[[ RECORDS FOR THIS EXERCISE, beginning ]]

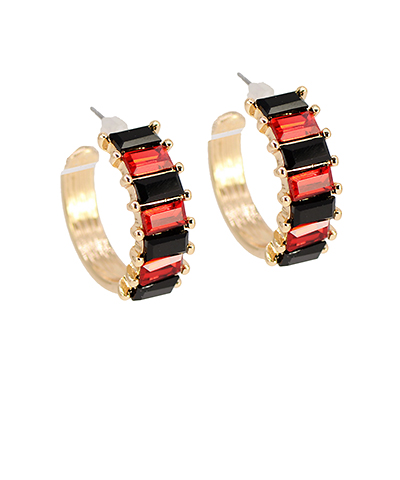 Baguette Glass Hoops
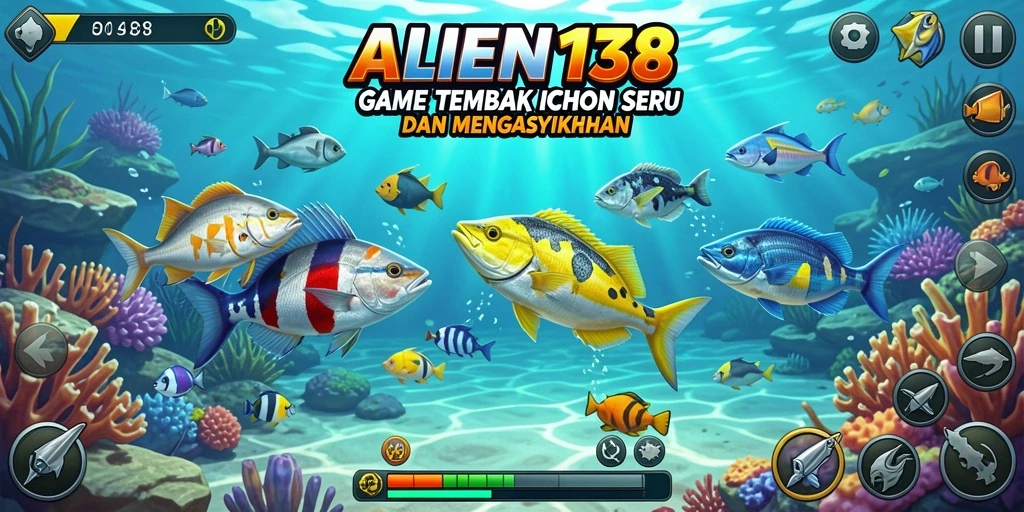 Gameplay seru di ALIEN138 dengan berbagai jenis ikan yang menunggu untuk ditembak.
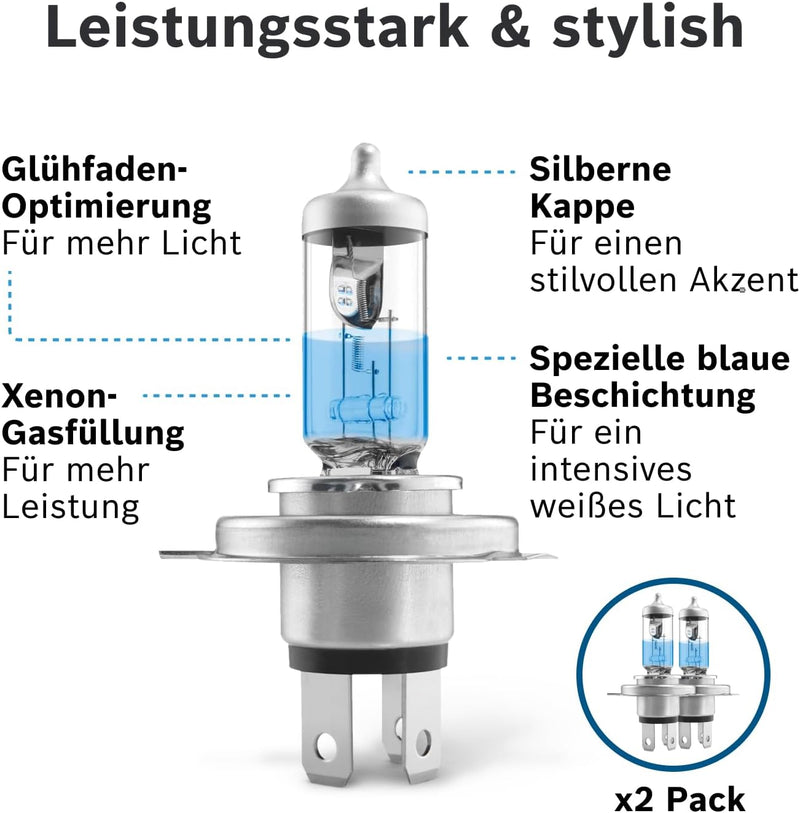 Bosch H4 Plus 150 Gigalight Halogen-Glühlampe für Auto-Scheinwerfer, 12 V 60/55 W, 150 % mehr Licht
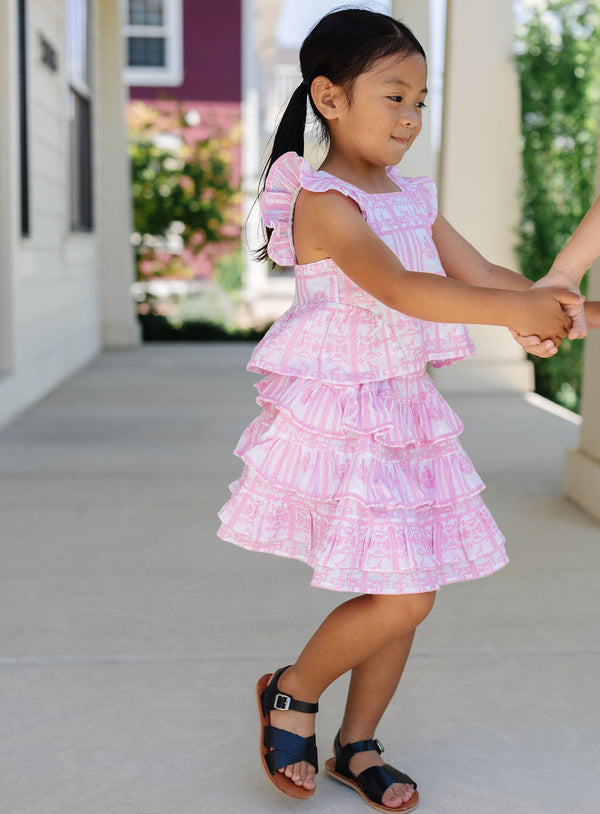 Pink Geometric Embroidery Lacy Skirt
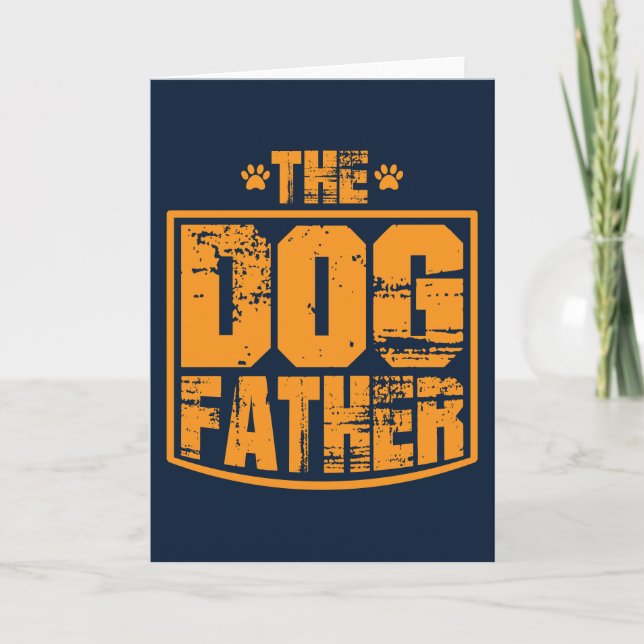 Tarjeta El Padre Perro Gráfico Desgastado (Anverso)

[[ RECORDS FOR THIS EXERCISE, end ]]

### [HOW TO COMPLETE THIS TASK]
Without the pictures, extract every entry verbatim.

### [RESPONSE BELOW]
 Baguette Glass Hoops
 Gameplay seru di ALIEN138 dengan berbagai jenis ikan yang menunggu untuk ditembak.
 Bosch H4 Plus 150 Gigalight Halogen-Glühlampe für Auto-Scheinwerfer, 12 V 60/55 W, 150 % mehr Licht
 Pink Geometric Embroidery Lacy Skirt
 Tarjeta El Padre Perro Gráfico Desgastado (Anverso)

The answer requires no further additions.